Because of their usefulness in concoting meth, several medications useful in treating cold and allergies have in the past year been pulled from open shelves either temporarily or permanently and had limits placed on the one-time purchase amount. Moreover, I have to pull out my driver's license to prove I'm an adult every time I buy a package. If I'm miserably sick at home and the only help available is seventeen, I'm outta luck. All this for a drug that (unless deliberately chemically altered) is generally pretty innocuous, and has few serious side effects. Yet the "Reproductive Rights" lobby wills a powerful hormone with no purpose other than to destroy a human embryo to go out on drugstore shelves to be available to all.

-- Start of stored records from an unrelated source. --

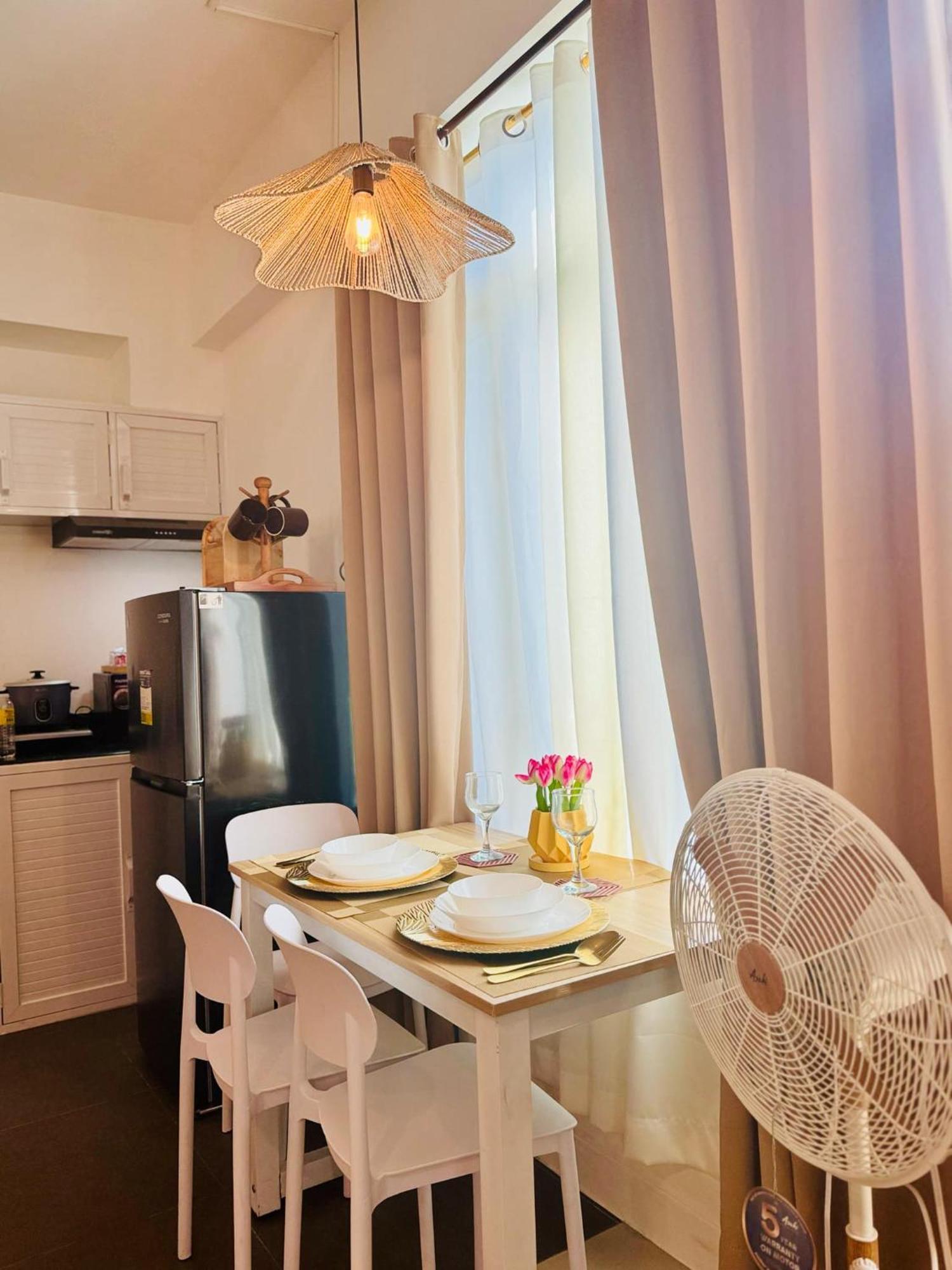 Apartment Budget Friendly Staycation Walking Distance To Venice Mall With Netflix And Wifi Manila
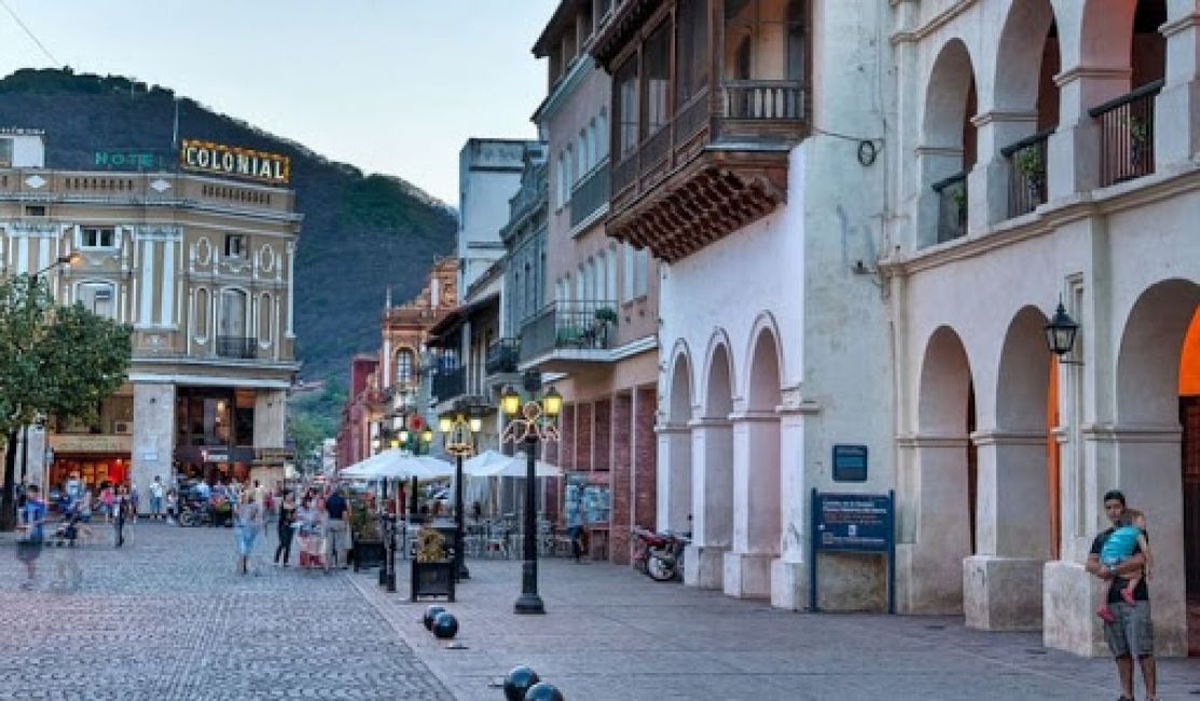 Llos viajeros pueden descubrir las maravillas de Salta en paseos inolvidables.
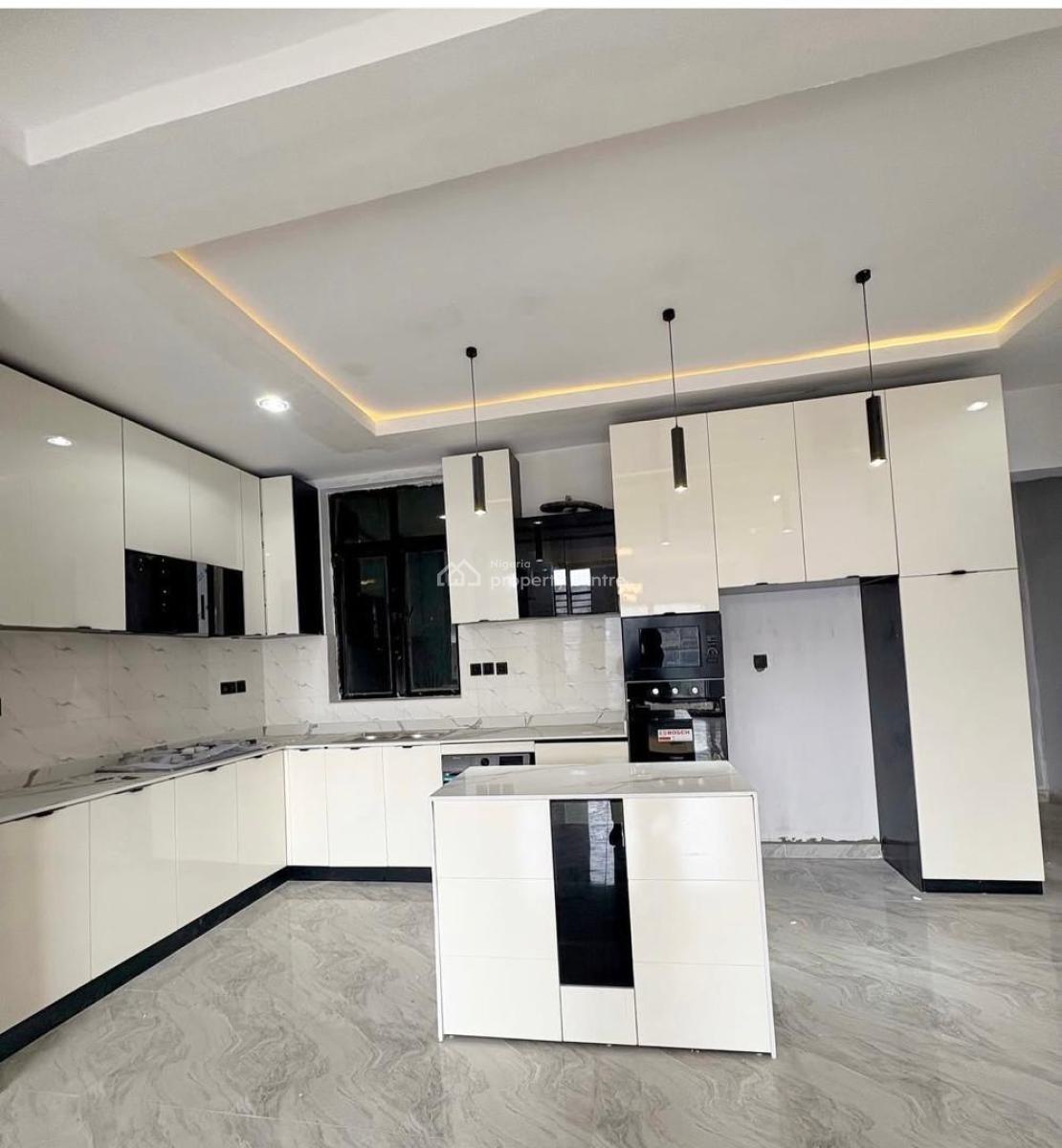 Spacious 2 Bedroom Apartment, Ikota, Lekki, Lagos, Block of Flats for Sale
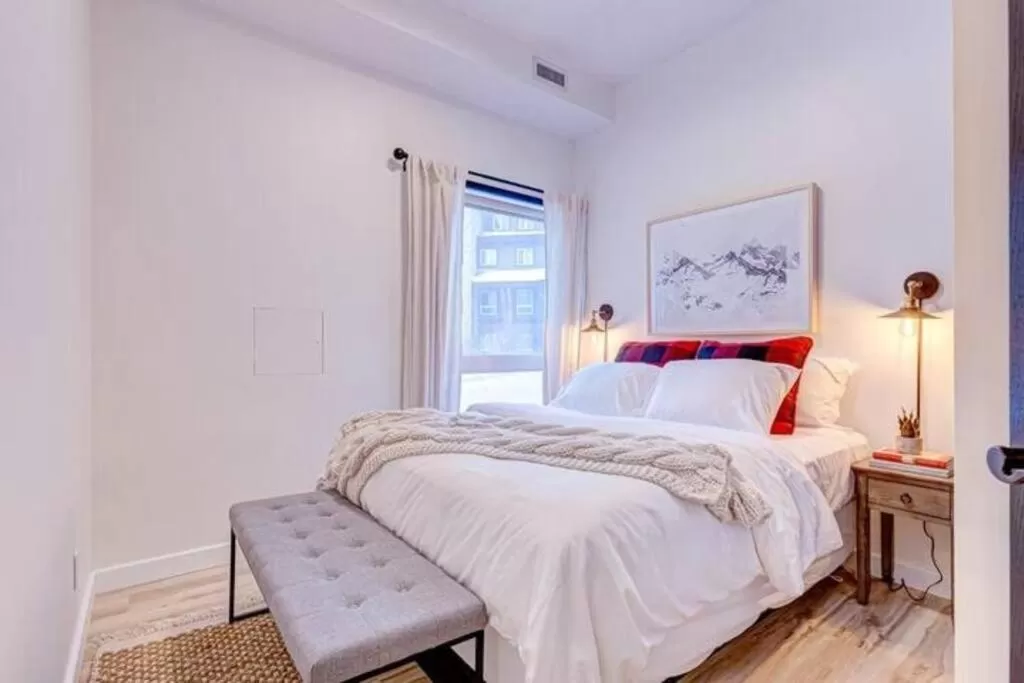 Bed in Mountain Retreat, Pool & Hot Tub, BBQ, Patio, King Bed, Sleeps 6!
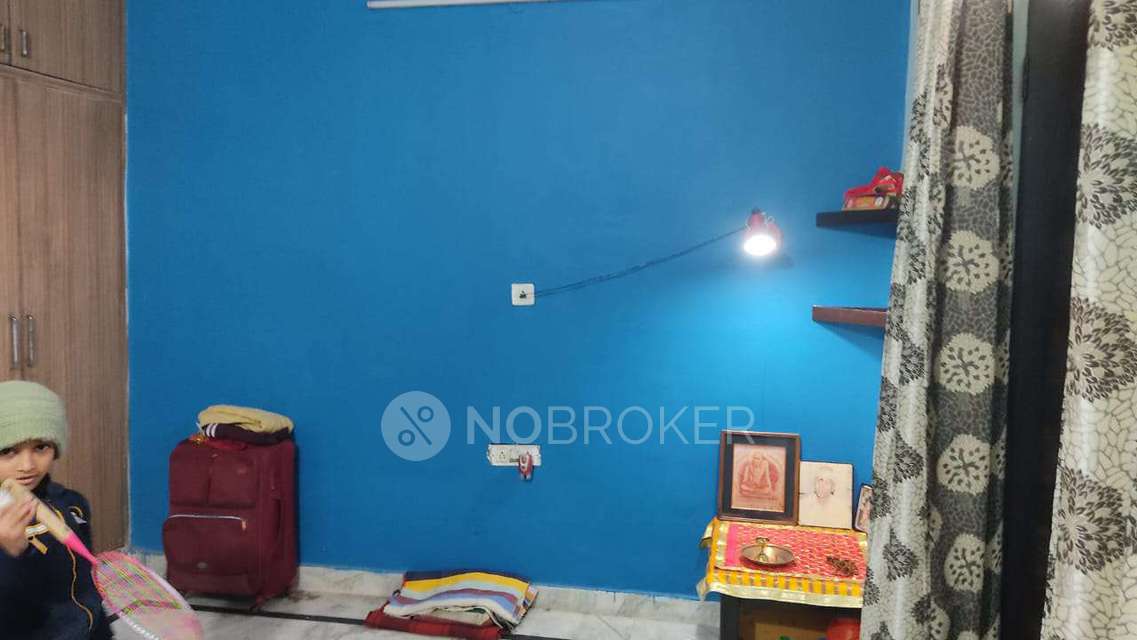 3 BHK Flat In Indraprastha Colony Extesion 2 For Sale  In Indraprastha Colony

This is by no means the first time in medical history that women's health has been put at the service of social engineering concerns. The history of the contraceptive/abortion movement is rife with cases of women--or, more specifically, poor women, uneducated women, and minority women, exploited as guinea pigs in the latest attempt to limit their fertility (this, please note, is often a separate concern from improving their health.) In this case, however, social engineering is combining forces with marketing in an effort both to create a clientele and to blur the line between real contraception (that which fits the dictionary definition of the word) and "contraception" that is actually a chemical abortifacient. While we all know what the result will be for the unexpectedly concieved human, what we do not know is what the long-term effects will be on a generation of women who have been popping three, or six, or twelve or more Plan B pills a year for five or ten years of their lives.
Labels: life issues, U.S. Politics
2 Comments:
It's already been used several times to terminate a pregnancy when the father wanted the kid dead and the mother didn't.
It's like Roofies, part two.
Hmmm...first the Mickey, then the levonorgestrel chaser, eh?